By AML Intelligence Correspondent
THE TRIAL has got underway in France of a Ukrainian fraudster accused of using dirty money to buy a magnificent chateau in the heart of Burgundy wine country.
Dmitri Malinovsky (40) is accused of buying ‘La Rochepot’ after faking his death in a road accident in the city of Luhansk.
Malinovsky is charged with his ex-wife, a former girlfriend and three others with laundering up to €12M he allegedly swindled in a Singapore fertiliser deal through his purchase of the Château de Rochepot.
All the accused were detained after a Kyiv prosecutor concluded that he may have faked his car crash in 2014 and death certificate, and found a mobile phone video of him in a château in France.
Prosecutors became aware of his presence in France when he featured in Burgundy media about château owners had failed to pay bills amounting to tens of thousands of euros for renovation at La Rochepot.
Ukrainian and French police working through Europol raided the château and seized €4 million worth of assets and cash, including three paintings by Salvador Dalí and a Rolls-Royce Phantom .
“It was established that the suspect was not only alive but was enjoying a lavish lifestyle in France,” Europol said. “He is thought to be behind a complex case of international fraud and money laundering.”
Malinovsky, who had been based in Odesa, denies all the charges, along with Alla Tscherkasova, his ex-wife, and Olga Kiselova, the former girlfriend.
According to The Times newspaper the 12th-century fortress, perched on a hilltop, “was given a sumptuous makeover in the late 19th century by its owners, the family of President Sadi Carnot of France, and was receiving 30,000 visitors a year until Malinovsky’s arrest in 2018.
“Some of the region’s most hallowed vineyards, including Pommard, Puligny-Montrachet and Nuits-Saint-Georges, are nearby,” the paper added.
The château is now in the hands of the French state.
“Its furniture was sold off a year ago to pay its debts.
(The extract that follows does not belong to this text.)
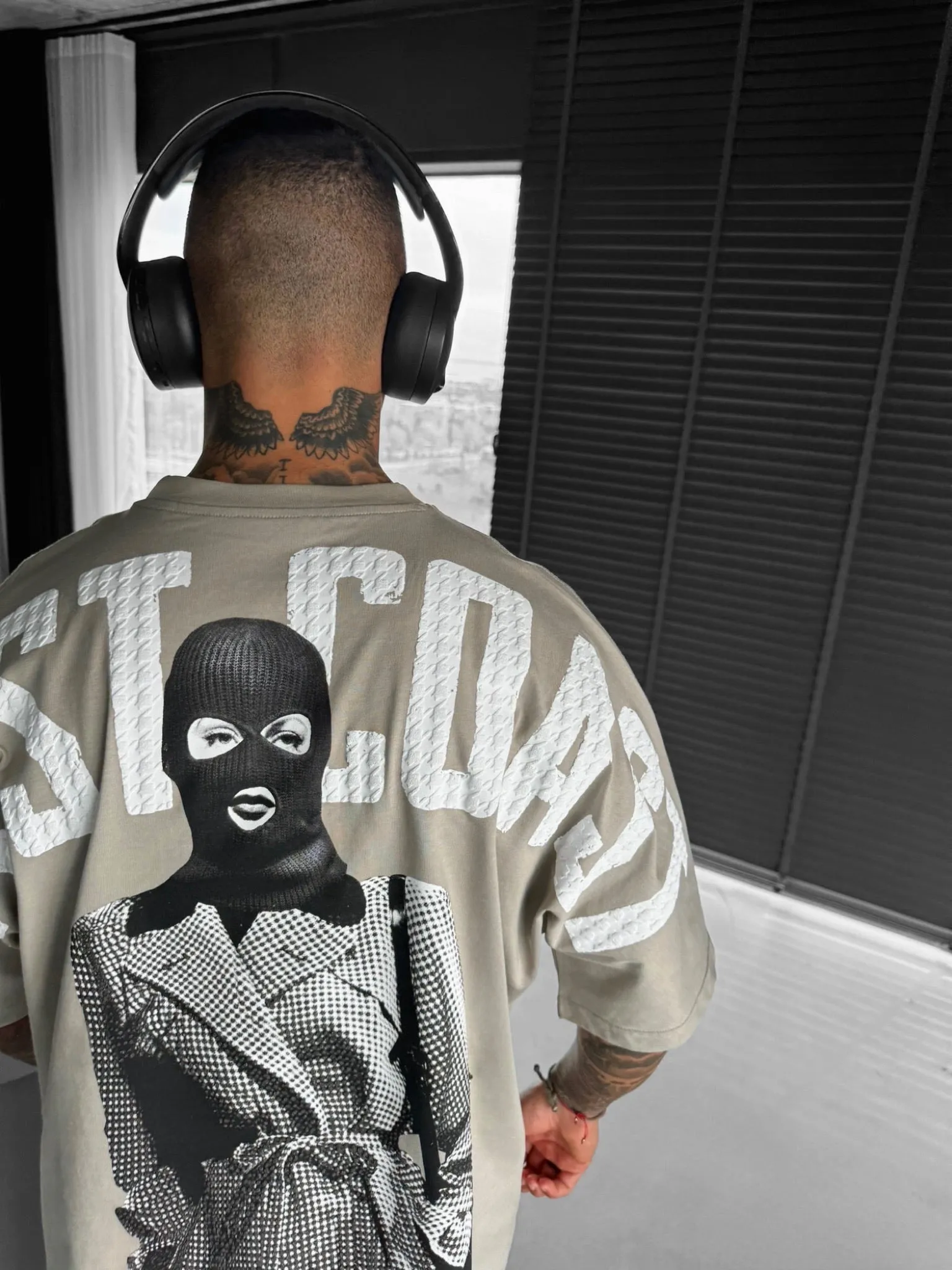 Oversize West Coast T-shirt - Stone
Prosecutors identified Malinovsky after unravelling a chain of shell companies behind a Luxembourg-based group called GACM, which bought the château. Lawyers for Kiselova said she was the real owner,” said The Times.
The accused face possible prison terms of ten years and fines and damages in seven figures if convicted after what is expected to be a two-week trial.
Ukraine has sought Malinovsky’s extradition to face trial for fraud.